# Work order
Copy word for word, please, the lines of the entries below running from the one containing "White embossed cowboy" to the one containing "Cropped image of", both ends included.

# Exercise input
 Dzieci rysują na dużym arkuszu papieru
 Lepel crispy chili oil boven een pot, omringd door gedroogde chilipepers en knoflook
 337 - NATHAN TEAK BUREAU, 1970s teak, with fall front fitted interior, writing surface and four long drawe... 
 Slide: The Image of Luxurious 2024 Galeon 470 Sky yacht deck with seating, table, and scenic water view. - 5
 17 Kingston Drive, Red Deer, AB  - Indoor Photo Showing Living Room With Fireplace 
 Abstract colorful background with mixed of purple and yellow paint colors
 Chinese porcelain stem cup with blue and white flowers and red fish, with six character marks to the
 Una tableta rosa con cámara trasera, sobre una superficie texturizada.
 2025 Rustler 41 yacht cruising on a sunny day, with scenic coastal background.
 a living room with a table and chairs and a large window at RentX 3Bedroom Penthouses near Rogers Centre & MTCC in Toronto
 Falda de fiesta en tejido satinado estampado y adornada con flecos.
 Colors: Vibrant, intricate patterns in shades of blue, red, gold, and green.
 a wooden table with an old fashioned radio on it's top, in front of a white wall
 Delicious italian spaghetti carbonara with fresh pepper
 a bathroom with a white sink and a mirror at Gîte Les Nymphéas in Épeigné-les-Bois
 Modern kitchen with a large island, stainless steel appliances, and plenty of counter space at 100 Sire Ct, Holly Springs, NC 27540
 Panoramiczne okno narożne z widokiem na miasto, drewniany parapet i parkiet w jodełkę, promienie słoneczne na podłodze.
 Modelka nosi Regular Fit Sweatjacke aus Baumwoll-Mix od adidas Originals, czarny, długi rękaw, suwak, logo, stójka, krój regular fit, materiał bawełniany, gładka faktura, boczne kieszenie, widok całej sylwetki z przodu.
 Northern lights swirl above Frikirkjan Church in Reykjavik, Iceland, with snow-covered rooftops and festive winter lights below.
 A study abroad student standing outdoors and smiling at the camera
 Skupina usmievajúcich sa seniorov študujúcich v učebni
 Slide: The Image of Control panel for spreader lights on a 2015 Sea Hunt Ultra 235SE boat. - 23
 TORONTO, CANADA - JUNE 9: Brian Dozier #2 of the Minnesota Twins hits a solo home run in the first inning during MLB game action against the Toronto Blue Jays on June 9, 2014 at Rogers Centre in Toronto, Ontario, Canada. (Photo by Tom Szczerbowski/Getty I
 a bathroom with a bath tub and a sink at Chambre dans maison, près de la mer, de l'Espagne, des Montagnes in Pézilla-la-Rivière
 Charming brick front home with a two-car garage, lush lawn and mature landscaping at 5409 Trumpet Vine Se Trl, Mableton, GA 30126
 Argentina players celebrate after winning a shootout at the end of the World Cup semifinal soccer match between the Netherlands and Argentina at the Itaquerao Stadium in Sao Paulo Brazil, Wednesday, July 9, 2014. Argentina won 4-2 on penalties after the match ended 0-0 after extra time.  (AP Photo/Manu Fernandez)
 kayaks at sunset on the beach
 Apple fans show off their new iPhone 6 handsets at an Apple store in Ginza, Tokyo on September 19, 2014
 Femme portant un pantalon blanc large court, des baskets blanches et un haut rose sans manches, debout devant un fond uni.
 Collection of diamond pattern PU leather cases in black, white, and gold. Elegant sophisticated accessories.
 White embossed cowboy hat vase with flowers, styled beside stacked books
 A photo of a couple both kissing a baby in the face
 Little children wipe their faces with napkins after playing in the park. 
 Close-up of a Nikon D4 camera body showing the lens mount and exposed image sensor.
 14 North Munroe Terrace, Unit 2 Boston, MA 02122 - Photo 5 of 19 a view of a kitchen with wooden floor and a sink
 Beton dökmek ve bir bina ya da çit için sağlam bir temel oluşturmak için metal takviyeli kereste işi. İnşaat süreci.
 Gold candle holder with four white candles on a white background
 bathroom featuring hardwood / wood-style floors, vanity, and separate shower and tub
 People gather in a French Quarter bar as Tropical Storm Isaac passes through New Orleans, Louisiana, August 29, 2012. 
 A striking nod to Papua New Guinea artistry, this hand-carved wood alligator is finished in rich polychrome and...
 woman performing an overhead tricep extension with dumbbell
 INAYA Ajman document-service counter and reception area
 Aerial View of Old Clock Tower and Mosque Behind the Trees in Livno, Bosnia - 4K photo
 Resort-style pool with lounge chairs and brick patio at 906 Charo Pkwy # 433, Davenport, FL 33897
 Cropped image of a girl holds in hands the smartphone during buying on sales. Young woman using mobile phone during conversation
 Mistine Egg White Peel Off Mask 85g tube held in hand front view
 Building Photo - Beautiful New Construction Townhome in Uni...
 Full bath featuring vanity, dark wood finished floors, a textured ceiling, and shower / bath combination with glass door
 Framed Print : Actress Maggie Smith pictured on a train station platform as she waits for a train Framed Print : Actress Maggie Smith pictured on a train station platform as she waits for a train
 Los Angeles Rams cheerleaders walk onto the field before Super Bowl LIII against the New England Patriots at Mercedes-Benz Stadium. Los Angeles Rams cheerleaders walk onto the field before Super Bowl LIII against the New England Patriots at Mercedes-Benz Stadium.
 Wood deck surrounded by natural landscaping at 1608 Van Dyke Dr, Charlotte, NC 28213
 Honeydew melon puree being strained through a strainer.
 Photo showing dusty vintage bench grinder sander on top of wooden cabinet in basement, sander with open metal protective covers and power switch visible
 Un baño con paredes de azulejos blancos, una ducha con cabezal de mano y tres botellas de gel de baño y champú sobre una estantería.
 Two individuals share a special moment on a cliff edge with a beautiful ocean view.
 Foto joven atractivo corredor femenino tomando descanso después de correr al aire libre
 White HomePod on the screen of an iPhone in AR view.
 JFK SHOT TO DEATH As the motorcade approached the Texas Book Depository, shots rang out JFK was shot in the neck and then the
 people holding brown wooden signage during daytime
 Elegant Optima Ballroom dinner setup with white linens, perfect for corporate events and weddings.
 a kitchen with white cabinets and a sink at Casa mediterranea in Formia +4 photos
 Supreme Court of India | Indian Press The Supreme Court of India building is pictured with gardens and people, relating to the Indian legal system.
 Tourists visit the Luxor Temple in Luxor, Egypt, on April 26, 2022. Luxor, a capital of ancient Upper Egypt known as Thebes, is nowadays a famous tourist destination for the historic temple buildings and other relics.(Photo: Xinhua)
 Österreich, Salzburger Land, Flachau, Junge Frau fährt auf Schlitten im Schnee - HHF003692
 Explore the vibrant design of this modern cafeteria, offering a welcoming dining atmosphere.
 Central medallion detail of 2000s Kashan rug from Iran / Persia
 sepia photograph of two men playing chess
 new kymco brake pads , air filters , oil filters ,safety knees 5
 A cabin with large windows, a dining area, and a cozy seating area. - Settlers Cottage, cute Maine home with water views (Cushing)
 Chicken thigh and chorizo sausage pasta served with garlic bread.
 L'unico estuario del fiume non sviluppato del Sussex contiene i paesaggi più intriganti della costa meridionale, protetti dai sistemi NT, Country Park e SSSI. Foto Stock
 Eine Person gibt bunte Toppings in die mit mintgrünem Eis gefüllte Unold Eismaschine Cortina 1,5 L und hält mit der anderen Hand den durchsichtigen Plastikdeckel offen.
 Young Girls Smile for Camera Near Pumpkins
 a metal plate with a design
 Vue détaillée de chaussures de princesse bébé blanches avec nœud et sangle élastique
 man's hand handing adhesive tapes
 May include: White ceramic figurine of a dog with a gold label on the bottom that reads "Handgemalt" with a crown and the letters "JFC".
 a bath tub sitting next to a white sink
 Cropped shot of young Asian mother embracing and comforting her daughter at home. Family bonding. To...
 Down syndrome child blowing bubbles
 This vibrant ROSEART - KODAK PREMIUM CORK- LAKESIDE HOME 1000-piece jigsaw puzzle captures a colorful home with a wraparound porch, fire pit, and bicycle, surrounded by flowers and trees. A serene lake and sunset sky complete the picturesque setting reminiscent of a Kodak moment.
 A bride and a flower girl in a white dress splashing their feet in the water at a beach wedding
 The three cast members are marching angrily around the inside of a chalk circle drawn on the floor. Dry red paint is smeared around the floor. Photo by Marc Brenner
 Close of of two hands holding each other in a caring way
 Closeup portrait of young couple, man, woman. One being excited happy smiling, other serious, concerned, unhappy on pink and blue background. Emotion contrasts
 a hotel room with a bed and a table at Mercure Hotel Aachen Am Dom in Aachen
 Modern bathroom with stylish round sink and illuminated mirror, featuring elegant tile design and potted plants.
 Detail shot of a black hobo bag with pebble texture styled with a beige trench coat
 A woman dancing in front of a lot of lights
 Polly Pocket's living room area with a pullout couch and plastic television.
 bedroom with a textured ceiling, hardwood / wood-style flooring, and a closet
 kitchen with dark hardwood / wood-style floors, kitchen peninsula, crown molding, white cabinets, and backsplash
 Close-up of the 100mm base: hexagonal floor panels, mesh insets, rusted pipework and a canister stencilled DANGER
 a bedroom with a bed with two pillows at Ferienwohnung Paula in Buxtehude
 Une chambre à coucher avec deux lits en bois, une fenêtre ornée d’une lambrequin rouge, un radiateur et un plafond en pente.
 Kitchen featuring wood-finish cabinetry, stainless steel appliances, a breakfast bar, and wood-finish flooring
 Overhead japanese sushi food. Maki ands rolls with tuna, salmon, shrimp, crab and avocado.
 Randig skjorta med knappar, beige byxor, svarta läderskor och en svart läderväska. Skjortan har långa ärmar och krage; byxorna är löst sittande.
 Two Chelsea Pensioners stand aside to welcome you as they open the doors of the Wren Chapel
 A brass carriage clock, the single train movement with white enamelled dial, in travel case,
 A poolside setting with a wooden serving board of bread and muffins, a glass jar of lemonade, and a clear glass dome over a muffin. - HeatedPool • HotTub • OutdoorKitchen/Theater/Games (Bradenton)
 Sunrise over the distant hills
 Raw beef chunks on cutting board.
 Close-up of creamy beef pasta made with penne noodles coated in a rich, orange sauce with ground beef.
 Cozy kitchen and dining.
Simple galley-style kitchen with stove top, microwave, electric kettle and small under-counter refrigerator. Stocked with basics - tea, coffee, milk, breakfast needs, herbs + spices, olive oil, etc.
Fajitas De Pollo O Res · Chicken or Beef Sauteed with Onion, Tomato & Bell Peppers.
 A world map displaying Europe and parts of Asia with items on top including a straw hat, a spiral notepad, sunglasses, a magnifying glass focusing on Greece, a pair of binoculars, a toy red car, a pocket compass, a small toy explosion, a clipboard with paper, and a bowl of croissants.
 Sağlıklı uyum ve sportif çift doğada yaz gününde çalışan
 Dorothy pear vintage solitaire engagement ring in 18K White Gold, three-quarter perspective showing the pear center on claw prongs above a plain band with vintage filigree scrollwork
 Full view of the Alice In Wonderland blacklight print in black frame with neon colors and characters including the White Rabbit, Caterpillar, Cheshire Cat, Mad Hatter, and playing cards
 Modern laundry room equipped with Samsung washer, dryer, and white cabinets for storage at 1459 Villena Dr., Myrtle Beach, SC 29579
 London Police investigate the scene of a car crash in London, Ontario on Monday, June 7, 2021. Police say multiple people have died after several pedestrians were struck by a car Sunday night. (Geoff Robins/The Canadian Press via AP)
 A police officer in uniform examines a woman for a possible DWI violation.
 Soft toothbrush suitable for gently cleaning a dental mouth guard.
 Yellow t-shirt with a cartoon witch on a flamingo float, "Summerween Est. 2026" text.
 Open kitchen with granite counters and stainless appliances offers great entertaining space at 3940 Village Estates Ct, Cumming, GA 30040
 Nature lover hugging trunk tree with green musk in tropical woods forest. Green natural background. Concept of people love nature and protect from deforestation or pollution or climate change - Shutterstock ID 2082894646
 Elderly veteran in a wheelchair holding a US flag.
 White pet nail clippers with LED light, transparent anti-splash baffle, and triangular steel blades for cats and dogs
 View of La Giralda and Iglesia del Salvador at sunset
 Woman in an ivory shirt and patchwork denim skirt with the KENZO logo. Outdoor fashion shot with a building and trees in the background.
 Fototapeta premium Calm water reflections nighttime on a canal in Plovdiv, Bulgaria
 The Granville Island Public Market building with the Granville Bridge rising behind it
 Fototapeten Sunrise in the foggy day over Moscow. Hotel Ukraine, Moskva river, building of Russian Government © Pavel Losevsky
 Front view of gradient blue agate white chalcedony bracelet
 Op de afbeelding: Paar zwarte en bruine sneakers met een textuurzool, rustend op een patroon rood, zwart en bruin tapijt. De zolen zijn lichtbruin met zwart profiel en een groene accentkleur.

# Reply
 White embossed cowboy hat vase with flowers, styled beside stacked books
 A photo of a couple both kissing a baby in the face
 Little children wipe their faces with napkins after playing in the park. 
 Close-up of a Nikon D4 camera body showing the lens mount and exposed image sensor.
 14 North Munroe Terrace, Unit 2 Boston, MA 02122 - Photo 5 of 19 a view of a kitchen with wooden floor and a sink
 Beton dökmek ve bir bina ya da çit için sağlam bir temel oluşturmak için metal takviyeli kereste işi. İnşaat süreci.
 Gold candle holder with four white candles on a white background
 bathroom featuring hardwood / wood-style floors, vanity, and separate shower and tub
 People gather in a French Quarter bar as Tropical Storm Isaac passes through New Orleans, Louisiana, August 29, 2012. 
 A striking nod to Papua New Guinea artistry, this hand-carved wood alligator is finished in rich polychrome and...
 woman performing an overhead tricep extension with dumbbell
 INAYA Ajman document-service counter and reception area
 Aerial View of Old Clock Tower and Mosque Behind the Trees in Livno, Bosnia - 4K photo
 Resort-style pool with lounge chairs and brick patio at 906 Charo Pkwy # 433, Davenport, FL 33897
 Cropped image of a girl holds in hands the smartphone during buying on sales. Young woman using mobile phone during conversation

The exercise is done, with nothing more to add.